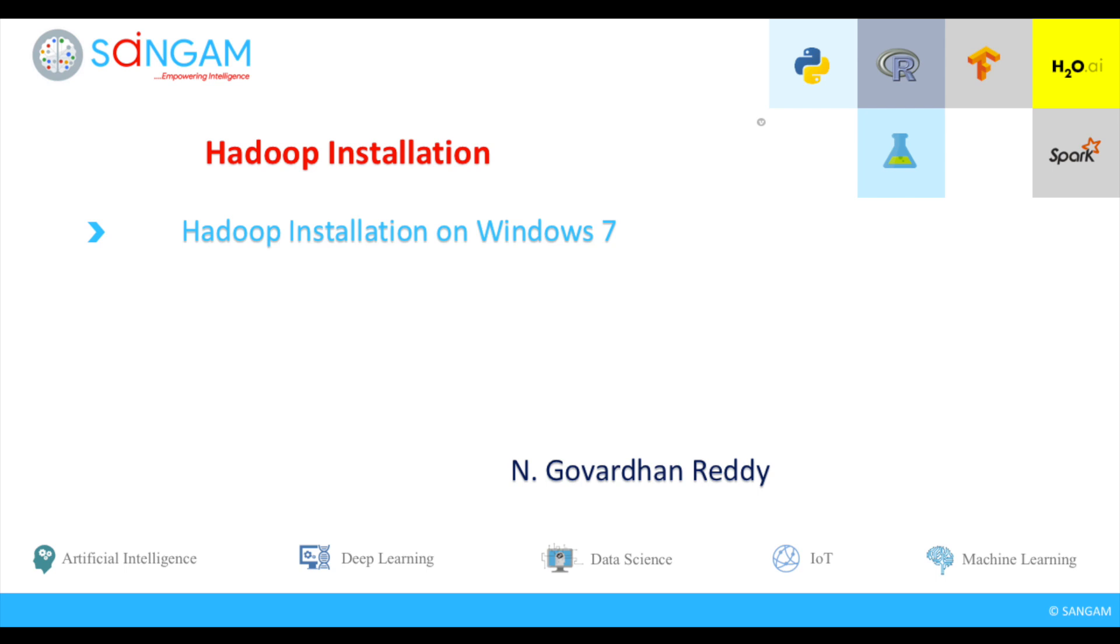Hi all. Today we are going to demonstrate how to install Hadoop 2.7.3 on Windows 7.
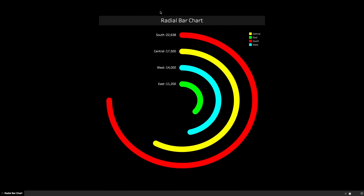So what is a radial bar chart? It's a form of a bar chart but each bar is in the form of a radial, or you can say a circle, where each individual bar represents a value of a dimension. In this particular example I am showing the maximum sales by region — the south region in red is representing 22 grand of sales, whereas the east region is representing 11 grand of sales.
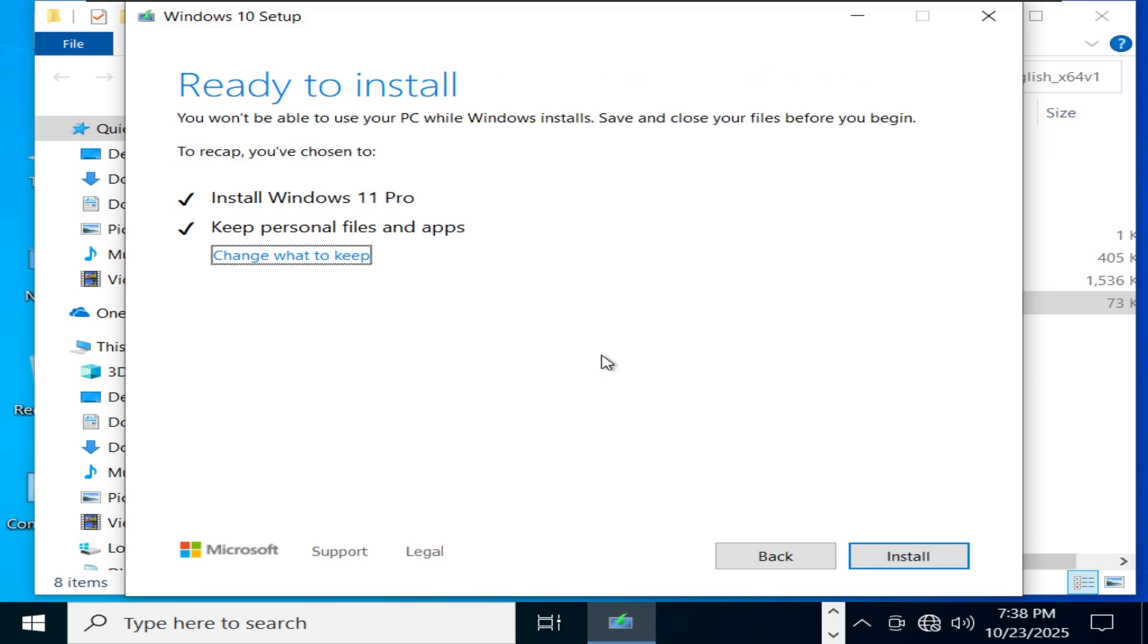Now you can see that we're installing Windows 11 Pro while keeping all files and apps.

TASK DIRECTIONS
Every line from the one containing "So what is a" through the last line of the data, both included, is to be repeated exactly; the pictures are to be left out.

RESULT
So what is a radial bar chart? It's a form of a bar chart but each bar is in the form of a radial, or you can say a circle, where each individual bar represents a value of a dimension. In this particular example I am showing the maximum sales by region — the south region in red is representing 22 grand of sales, whereas the east region is representing 11 grand of sales.
Now you can see that we're installing Windows 11 Pro while keeping all files and apps.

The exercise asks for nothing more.